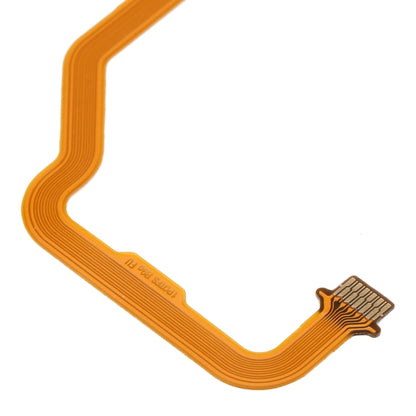 Fingerprint Sensor Flex Cable Extension for Huawei Honor 20i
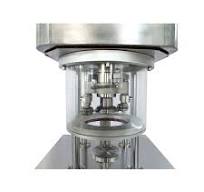 Semi-Automatic Tin Can Vacuum Nitrogen Filling Sealing ...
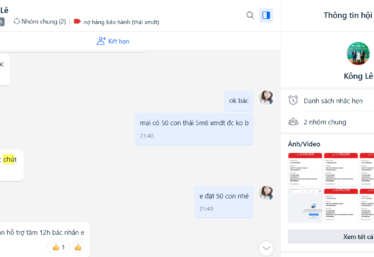 ảnh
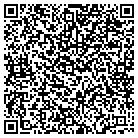 QR code with Temple Adath Israel /Main Line contacts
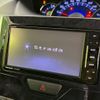 daihatsu tanto 2018 -DAIHATSU--Tanto DBA-LA600S--LA600S-0652227---DAIHATSU--Tanto DBA-LA600S--LA600S-0652227- image 4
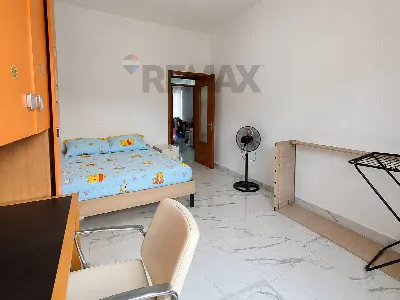 Appartamento in vendita a Novara, Porta mo... - foto 6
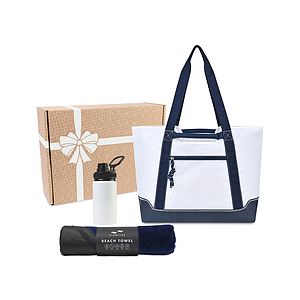 Surprise & Delight Gift Set #2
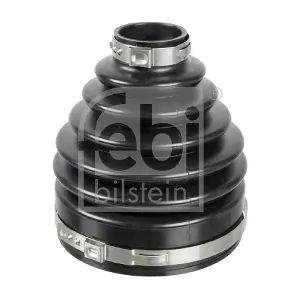 173246 FEBI BILSTEIN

++++++++++

- Work request:
Without including any picture, reproduce all of the material exactly.

- Task result:
 Fingerprint Sensor Flex Cable Extension for Huawei Honor 20i
 Semi-Automatic Tin Can Vacuum Nitrogen Filling Sealing ...
 ảnh
 QR code with Temple Adath Israel /Main Line contacts
 daihatsu tanto 2018 -DAIHATSU--Tanto DBA-LA600S--LA600S-0652227---DAIHATSU--Tanto DBA-LA600S--LA600S-0652227- image 4
 Appartamento in vendita a Novara, Porta mo... - foto 6
 Surprise & Delight Gift Set #2
 173246 FEBI BILSTEIN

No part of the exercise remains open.